Excavation and trenching work have proven to be very dangerous. Removing soil to create a trench or other cavity disrupts an equilibrium and will exert powerful forces to return the earth to that condition. Sometimes, natural forces work slowly and man-made scars in the landscape heal gradually over months or years. All too often, however, natural forces begin the healing process in bursts of great force that have no respect for the unfortunate worker who gets in the way.
These bursts of great force are the cave-ins that kill, maim and injure workers. Most soils weigh over 100 pounds per cubic foot, so it doesn't take a large chunk of earth falling off the side of a trench to have the effect of a moving automobile striking a person.
A slab of trench side only one foot thick, six feet long and four feet high can weigh as much as a typical mid-size car. Few cave-in deaths are caused by suffocation; most victims are crushed by the weight of the soil chunks.
Is trenching work inherently unsafe? No, if adequate precautions are taken no one need die or suffer serious injuries from a cave-in. Trench sides can be supported by shoring, a trench box, or can be sloped back to an angle appropriate to the type of soil encountered to eliminate the possibility of a large trench-side collapse. Indeed, the death toll could be eliminated if current MIOSHA standards were followed.
Looming large among the reasons hazardous trenches may still exist in this safety-conscious, modern era, is simply the cost. Excavation and trench safety can be very expensive. Trench box use and shoring installation slow down production and in some cases might result in doubling the time required to complete an underground project.
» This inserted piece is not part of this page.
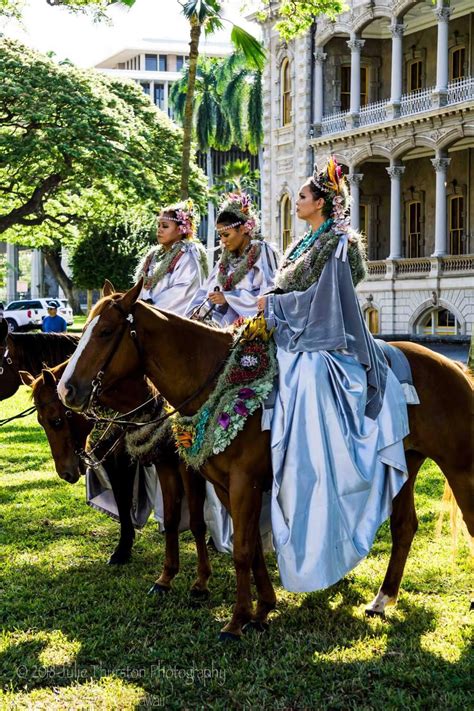 2018 King Kamehameha Parade And Celebration Honolulu Hawaii Island Of O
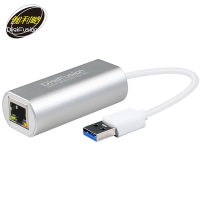伽利略 USB 3.0 鋁合金 GIGA LAN 網路卡 (AU3HDV)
Sloping the excavation sides out to a safe angle can be even more expensive. In most cases, excavated spoil must be hauled away to distant fill sites and the voluminous trench back-filled with sand, which must be purchased, trucked to the site, and compacted.
Often, unsafe trenches exist because of the lack of a trained, qualified person. The MIOSHA standard requires that an ongoing inspection of an excavation or trench shall be made by a qualified person. The qualified person described in the standard is trained to recognize soil types, understand the characteristic hazards of each one, and design shoring and/or soil sloping as dictated by the unique site conditions.
The qualified person also monitors the progress of the work to identify hazardous conditions as they develop.
Because most soils can support themselves temporarily while a trench is open to install a pipe, inexperienced and uninformed workers may not realize the dangers to which they are exposed. Some clay soils are known to support themselves so well that a mile of vertical-sided trench can be excavated with not even a shovel-full of soil caving off the sides. Then suddenly, a thousand pounds or more can cave in and crush an unsuspecting worker.
Although the numbers of cave-in fatalities have been at lower levels on average during the six to eight years previous to 1999, last year's trend is alarming and cannot be ignored. Enforcement of the standards that apply to excavation and trenching workplaces will be receiving increased attention consistent with the MIOSHA Strategic Plan as the 2000 construction season gets underway. Each employer in the underground industry must pursue the goal of 100 percent compliance with the MIOSHA standards and zero cave-in injures and fatalities.
As tragic as the 1999 deaths were, the real tragedy would be to repeat the agony suffered by the survivors of the workers lost in trenches last year.